*SOURCE INFORMATION*:

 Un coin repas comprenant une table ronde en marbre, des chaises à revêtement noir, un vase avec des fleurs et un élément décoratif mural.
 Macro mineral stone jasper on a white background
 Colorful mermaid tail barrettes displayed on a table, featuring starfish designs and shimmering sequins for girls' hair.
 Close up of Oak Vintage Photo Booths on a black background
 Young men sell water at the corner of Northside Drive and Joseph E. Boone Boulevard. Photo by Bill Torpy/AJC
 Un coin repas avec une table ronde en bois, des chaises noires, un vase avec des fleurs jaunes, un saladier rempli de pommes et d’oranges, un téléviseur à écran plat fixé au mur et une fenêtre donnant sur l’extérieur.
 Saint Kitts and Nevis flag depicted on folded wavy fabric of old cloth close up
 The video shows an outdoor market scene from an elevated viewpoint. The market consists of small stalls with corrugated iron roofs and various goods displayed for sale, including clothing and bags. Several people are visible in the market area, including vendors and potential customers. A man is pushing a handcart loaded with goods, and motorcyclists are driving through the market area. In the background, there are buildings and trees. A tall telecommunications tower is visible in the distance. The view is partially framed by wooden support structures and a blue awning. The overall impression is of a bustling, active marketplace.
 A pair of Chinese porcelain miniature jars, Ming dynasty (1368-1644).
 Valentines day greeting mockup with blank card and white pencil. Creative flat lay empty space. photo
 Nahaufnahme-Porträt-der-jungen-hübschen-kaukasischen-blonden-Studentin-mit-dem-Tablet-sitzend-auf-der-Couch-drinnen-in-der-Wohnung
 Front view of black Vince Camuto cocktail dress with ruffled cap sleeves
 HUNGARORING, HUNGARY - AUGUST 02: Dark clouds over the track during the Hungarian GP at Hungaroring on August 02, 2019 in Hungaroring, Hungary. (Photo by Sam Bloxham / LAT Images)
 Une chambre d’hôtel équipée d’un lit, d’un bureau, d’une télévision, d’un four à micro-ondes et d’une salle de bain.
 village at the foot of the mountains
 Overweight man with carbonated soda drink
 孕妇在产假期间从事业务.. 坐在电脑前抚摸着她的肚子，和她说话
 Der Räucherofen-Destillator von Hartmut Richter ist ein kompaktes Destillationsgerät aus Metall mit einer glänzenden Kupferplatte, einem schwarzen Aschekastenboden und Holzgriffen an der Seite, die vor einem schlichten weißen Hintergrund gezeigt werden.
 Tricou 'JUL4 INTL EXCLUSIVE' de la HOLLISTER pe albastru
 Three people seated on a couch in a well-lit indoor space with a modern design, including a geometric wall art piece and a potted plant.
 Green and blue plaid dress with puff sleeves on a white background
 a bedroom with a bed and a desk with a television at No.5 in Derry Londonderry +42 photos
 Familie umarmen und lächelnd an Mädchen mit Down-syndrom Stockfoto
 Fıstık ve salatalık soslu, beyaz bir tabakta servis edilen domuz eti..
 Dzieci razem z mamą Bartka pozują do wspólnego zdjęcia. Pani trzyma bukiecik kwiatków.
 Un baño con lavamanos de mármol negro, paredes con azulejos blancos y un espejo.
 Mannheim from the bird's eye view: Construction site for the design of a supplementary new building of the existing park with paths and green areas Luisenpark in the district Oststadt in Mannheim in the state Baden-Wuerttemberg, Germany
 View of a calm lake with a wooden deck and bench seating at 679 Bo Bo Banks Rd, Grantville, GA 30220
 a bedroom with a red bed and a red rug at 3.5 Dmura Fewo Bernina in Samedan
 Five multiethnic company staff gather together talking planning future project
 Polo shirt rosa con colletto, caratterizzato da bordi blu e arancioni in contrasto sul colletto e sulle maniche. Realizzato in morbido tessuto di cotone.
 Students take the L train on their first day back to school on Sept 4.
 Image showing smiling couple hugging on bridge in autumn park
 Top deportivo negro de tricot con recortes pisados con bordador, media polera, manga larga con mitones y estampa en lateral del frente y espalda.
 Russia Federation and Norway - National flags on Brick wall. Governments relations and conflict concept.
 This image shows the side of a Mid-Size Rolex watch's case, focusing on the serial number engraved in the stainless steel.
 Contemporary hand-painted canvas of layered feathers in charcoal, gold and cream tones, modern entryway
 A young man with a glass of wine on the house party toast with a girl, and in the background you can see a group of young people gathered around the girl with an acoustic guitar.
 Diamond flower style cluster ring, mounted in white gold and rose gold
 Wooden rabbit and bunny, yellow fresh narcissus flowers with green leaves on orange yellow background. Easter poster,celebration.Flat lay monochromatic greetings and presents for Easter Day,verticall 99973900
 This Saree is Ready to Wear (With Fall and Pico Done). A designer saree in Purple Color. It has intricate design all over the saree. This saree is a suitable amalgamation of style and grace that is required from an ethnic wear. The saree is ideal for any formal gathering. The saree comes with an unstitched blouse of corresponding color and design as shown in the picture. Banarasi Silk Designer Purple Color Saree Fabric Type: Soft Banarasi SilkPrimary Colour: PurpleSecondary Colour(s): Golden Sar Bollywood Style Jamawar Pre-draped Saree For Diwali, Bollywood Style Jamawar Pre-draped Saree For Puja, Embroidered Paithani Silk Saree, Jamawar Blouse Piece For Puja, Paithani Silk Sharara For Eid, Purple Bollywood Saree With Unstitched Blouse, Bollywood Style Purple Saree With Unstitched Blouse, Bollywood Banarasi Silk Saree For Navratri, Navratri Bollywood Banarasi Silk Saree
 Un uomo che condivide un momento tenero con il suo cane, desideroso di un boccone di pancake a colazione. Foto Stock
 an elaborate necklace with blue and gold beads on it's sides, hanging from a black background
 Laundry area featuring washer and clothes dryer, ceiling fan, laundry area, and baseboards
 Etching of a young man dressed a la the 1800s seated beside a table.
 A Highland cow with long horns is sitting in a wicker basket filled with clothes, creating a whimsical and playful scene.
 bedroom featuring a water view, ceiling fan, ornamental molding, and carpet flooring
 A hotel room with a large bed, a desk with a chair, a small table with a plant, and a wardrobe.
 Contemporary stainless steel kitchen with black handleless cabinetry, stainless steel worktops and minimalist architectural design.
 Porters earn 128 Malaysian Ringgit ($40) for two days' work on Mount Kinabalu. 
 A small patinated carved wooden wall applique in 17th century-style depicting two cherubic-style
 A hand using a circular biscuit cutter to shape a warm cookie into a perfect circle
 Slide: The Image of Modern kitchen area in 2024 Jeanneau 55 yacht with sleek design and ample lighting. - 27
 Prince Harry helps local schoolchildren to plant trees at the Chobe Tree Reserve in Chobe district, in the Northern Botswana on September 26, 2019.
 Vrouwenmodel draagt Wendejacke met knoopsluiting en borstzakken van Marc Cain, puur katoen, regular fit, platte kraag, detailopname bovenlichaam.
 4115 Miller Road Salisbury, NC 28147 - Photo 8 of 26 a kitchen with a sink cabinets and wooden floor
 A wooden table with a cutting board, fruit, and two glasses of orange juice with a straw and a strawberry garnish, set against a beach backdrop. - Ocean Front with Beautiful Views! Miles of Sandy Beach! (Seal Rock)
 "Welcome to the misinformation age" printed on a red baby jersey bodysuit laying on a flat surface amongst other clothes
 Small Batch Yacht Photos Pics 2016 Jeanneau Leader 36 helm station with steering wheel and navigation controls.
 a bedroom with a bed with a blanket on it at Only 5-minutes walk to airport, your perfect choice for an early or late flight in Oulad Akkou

*WHAT IS BEING ASKED*: Count all lines of the data that include "white". The answer is the number alone.

*WORKED SOLUTION*: 4